到達度評価をするにあたって設定した到達目標(=観点・内容)を評価規準といい、到達目標に対してどの程度到達できたかを判断する指標(=目安)を評価基準という。どちらも「ひょうかきじゅん」と読むが、意味は明確に異なるので注意が必要である。言葉を区別するために、規準を「のりじゅん」、基準を「もとじゅん」と読むことがある。
例えば「鉄棒の練習」を評価する場合、
- 逆上がりができるようになる
が評価規準、
- 補助板を使わずに逆上がりができた
- 補助板を使って逆上がりができた
- 補助板を使っても逆上がりができなかった
が評価基準である。
評価規準や評価基準を明確にすることで、評価方法が明確になり、また生徒に評価を返す際にも、生徒自身で自分がどこまで達成できているのかを確認することができるという利点がある。一方で、評価規準や評価基準の設定や判断は教師によるところが大きい。異なる2人の教師が同じ学習場面で同様の指導することを想定した場合、一方は全員が達成できることをねらった評価規準を設定し全員が達成できた、もう一方は7割程度の生徒が達成できるような評価規準を設定し、およそ半分の生徒が達成できなかった、というような状況は十分起こりうる。そのため教師には、評価規準・評価基準の設定方法や、評価の精度についての研修が求められている。
こうした複雑とも言える到達度評価についての詳細は、2006年の「誰も教えてくれない教育のホントがよくわかる本」ISBN 4286009548 で一般人向けにわかりやすい説明で取りあげられている。
また、評価規準や評価基準による評価が偏って分布することを避けようとする意図のもとに、評価規準や評価基準を設定するのでは、相対評価と何ら変わりはないと批判する者もいる。
認定評価
認定評価は、教師が公開していない基準、教師の頭の中にある満足のいく成果というものにあわせて評価される。評価方法として例えば、試験や平常時の課題、授業態度等を勘案し、特定の評定値が当該科目履修者全体の平均となるよう割り当てる方法などが用いられる。

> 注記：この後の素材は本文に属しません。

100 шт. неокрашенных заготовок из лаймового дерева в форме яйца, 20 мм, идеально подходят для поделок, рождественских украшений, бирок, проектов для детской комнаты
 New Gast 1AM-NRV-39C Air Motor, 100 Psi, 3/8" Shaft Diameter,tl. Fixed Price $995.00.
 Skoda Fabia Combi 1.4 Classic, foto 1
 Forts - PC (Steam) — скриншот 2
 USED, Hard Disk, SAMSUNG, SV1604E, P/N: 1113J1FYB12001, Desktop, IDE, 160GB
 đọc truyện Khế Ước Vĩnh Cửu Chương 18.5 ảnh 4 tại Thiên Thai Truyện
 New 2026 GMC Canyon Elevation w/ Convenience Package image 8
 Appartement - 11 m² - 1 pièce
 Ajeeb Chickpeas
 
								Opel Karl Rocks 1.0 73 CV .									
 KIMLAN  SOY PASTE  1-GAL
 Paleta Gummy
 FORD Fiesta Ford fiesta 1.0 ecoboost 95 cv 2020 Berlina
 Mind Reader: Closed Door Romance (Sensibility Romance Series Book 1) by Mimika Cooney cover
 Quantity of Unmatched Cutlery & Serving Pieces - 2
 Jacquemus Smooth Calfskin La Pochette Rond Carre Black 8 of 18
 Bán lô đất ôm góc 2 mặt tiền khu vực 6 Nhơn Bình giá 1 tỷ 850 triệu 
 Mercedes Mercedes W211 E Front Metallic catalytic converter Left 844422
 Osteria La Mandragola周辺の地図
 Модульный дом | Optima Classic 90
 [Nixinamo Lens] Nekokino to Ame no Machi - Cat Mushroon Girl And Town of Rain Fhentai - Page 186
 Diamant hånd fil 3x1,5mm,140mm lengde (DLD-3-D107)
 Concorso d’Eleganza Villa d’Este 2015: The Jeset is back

相対評価の側面を残しつつ個々の得点を評価するため、必ずしも最低値が1になるとは限らない。茶道、華道、書道など芸事に関係するものや理解の深さを判定するようなものの場合は、一般にこれが評価の姿勢にあるが、基準が生徒には分からないため、往々にして教師不信を生み出したり、逆に教師に盲従するといったケースも見られ、人間形成のための評価方法として、これのみで評価することに多くの問題点が指摘されている。